Caption-style text data
== Segment start ==
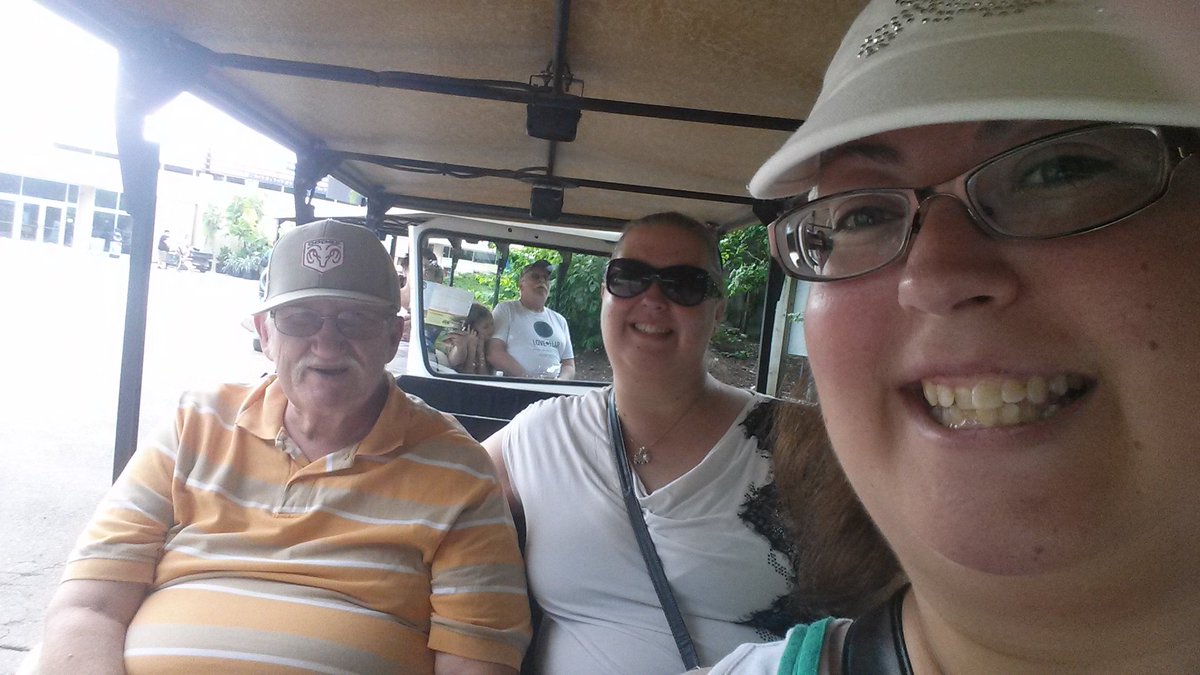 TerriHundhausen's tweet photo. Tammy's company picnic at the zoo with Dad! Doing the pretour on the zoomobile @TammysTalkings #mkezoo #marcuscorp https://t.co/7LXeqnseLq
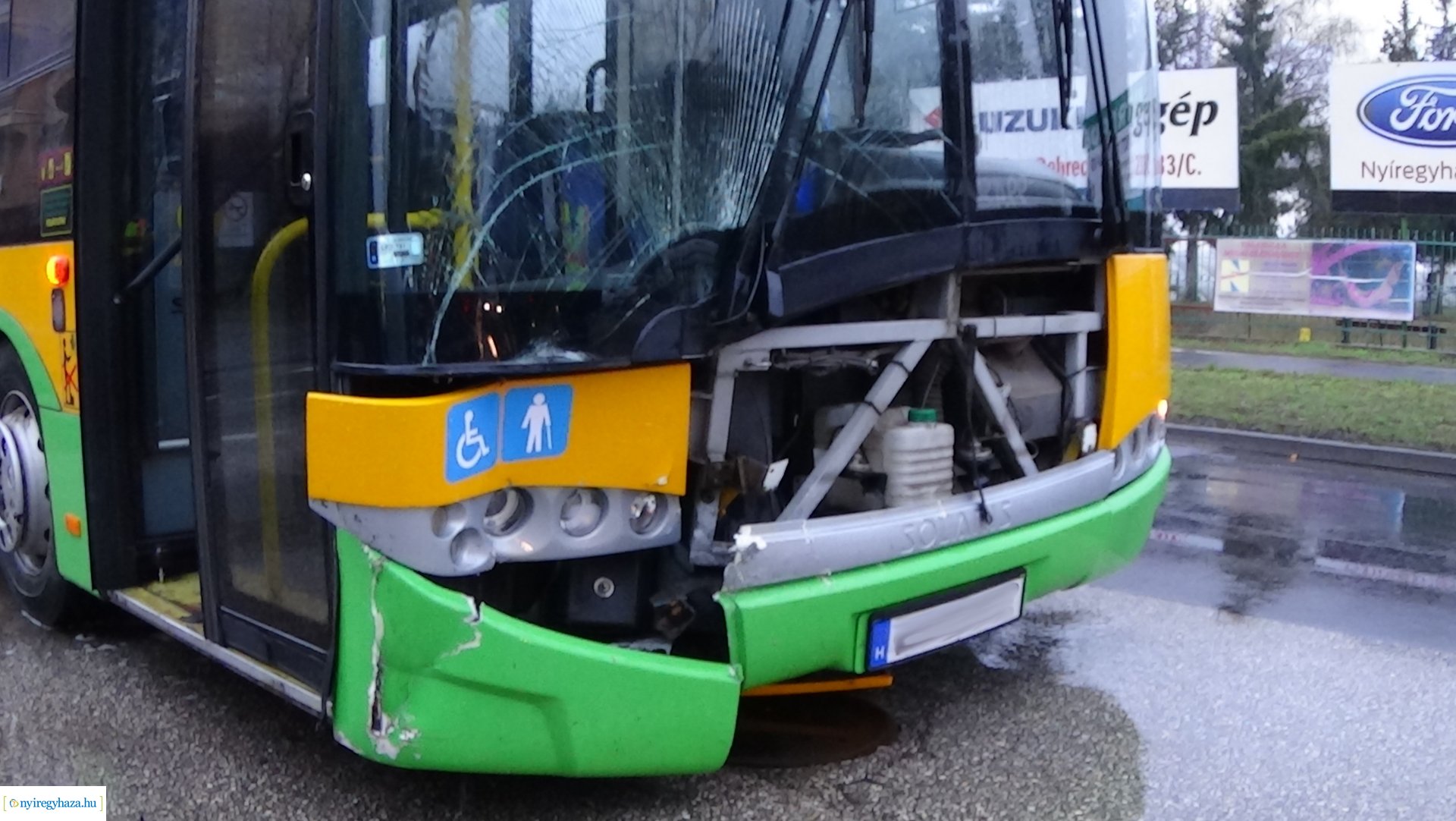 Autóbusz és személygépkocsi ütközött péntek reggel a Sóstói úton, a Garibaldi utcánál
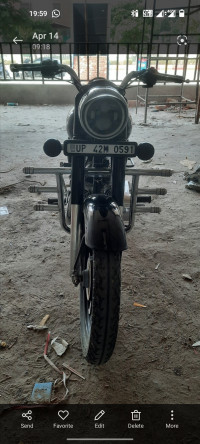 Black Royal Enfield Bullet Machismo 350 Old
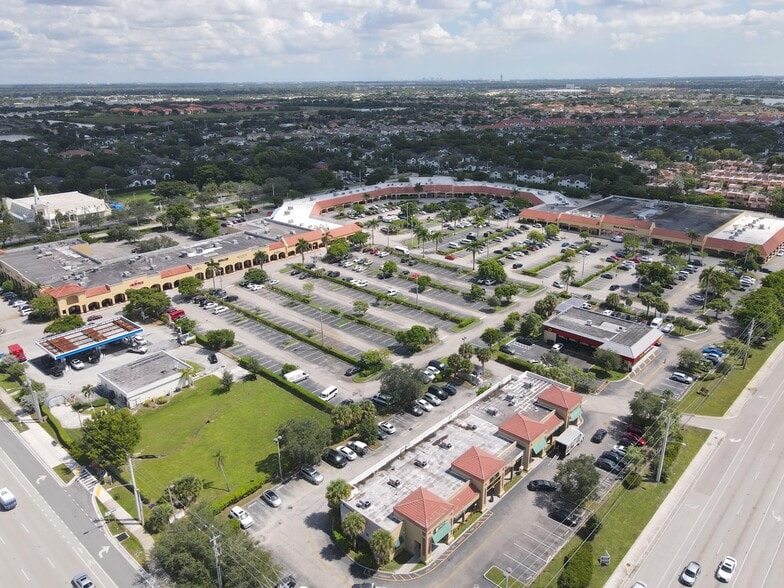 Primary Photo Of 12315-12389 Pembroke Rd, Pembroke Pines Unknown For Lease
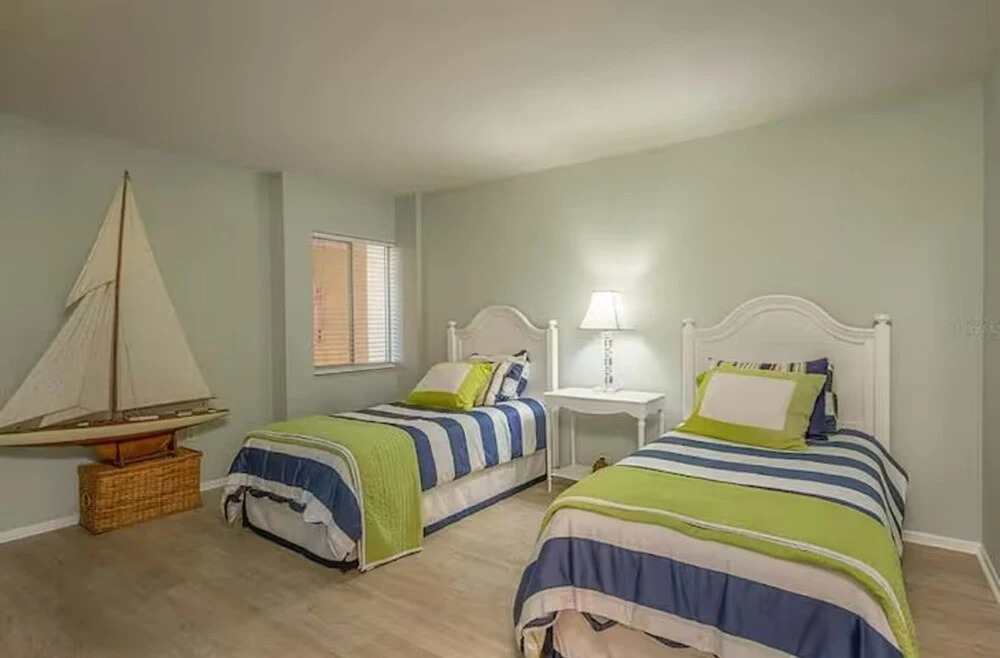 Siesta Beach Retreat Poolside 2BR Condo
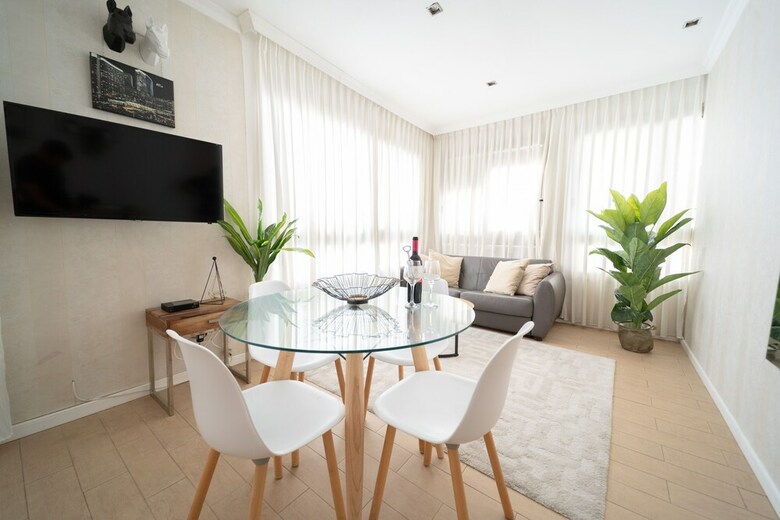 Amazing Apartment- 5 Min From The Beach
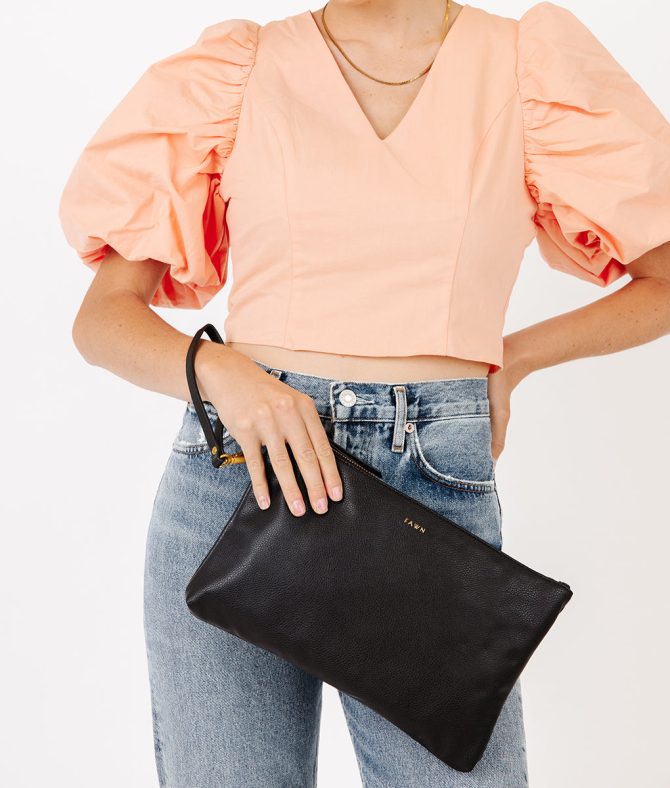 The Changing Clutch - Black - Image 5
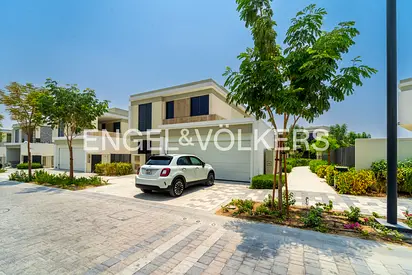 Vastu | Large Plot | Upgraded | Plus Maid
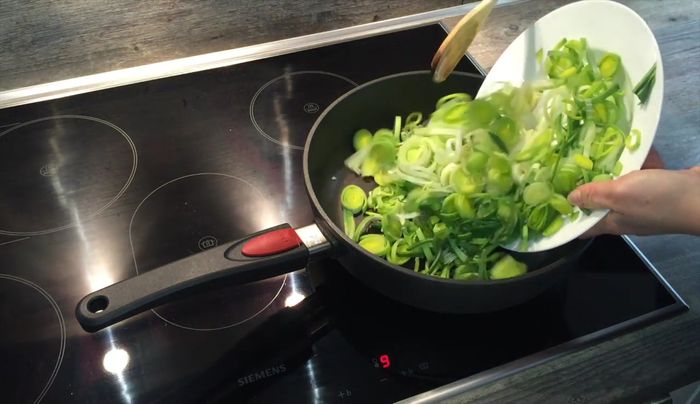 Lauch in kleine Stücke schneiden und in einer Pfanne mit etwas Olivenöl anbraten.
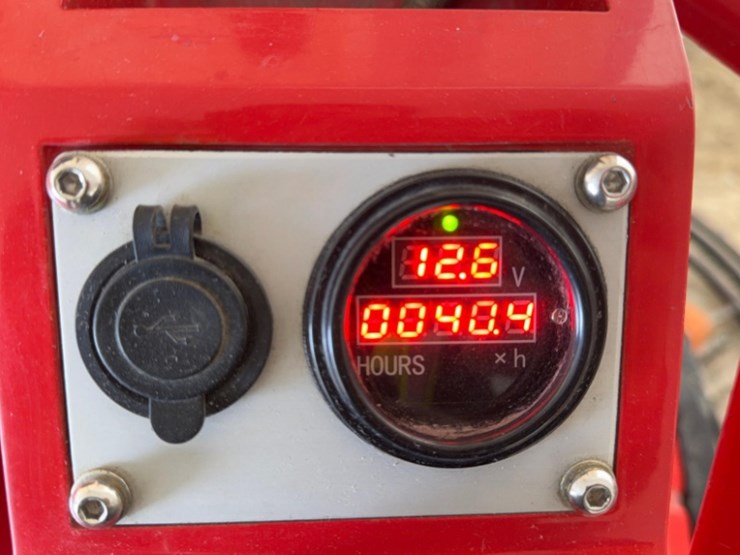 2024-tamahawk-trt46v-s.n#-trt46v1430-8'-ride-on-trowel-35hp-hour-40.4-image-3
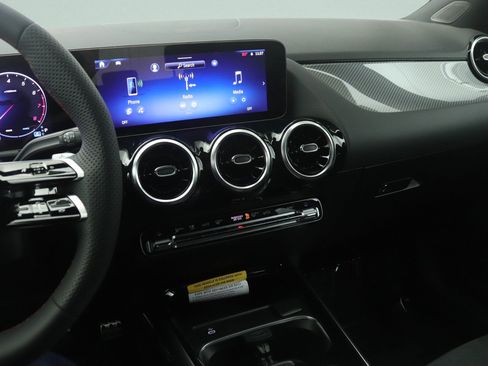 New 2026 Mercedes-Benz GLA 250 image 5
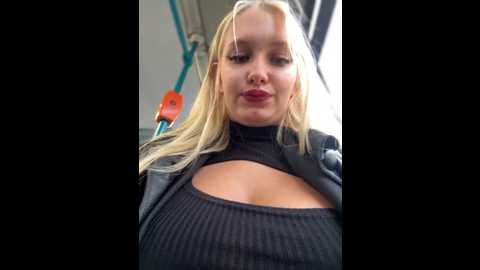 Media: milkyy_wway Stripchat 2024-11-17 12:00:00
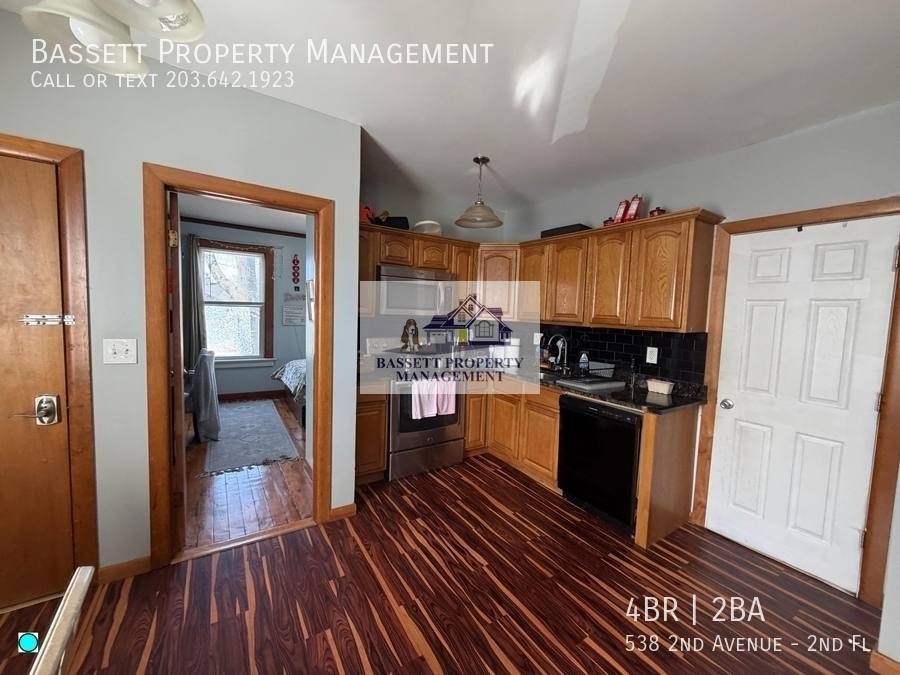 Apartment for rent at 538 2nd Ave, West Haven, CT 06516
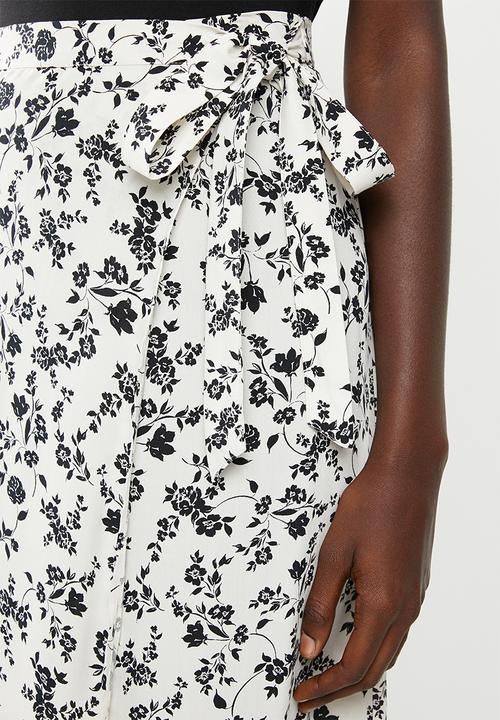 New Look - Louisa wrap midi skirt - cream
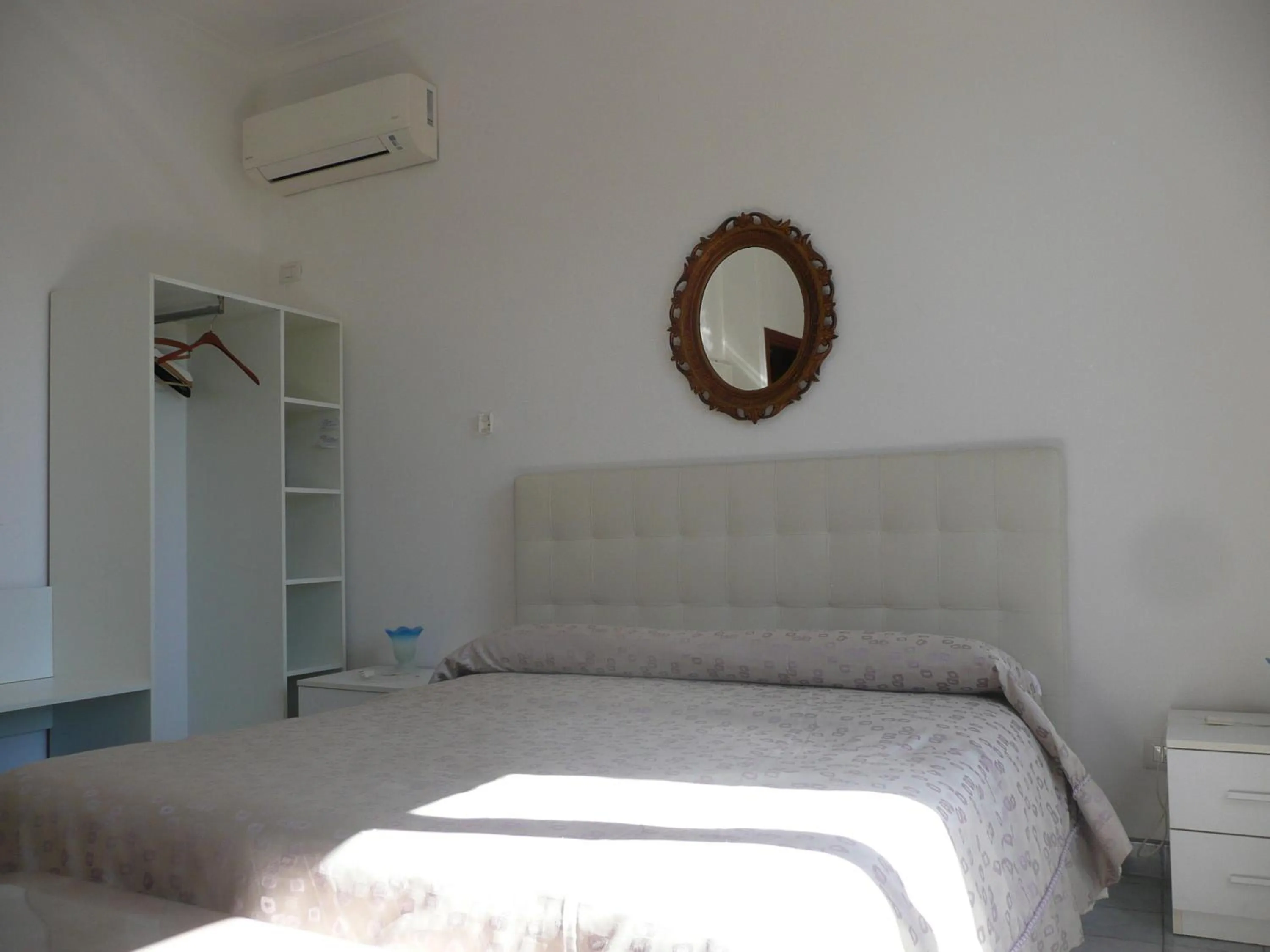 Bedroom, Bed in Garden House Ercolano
== Segment end ==
§ ABOUT THIS TASK: What is wanted is an exact copy of the lines from the line with "Lauch in kleine" through the end of the records, both ends included, pictures excluded.

§ YOUR SOLUTION:
 Lauch in kleine Stücke schneiden und in einer Pfanne mit etwas Olivenöl anbraten.
 2024-tamahawk-trt46v-s.n#-trt46v1430-8'-ride-on-trowel-35hp-hour-40.4-image-3
 New 2026 Mercedes-Benz GLA 250 image 5
 Media: milkyy_wway Stripchat 2024-11-17 12:00:00
 Apartment for rent at 538 2nd Ave, West Haven, CT 06516
 New Look - Louisa wrap midi skirt - cream
 Bedroom, Bed in Garden House Ercolano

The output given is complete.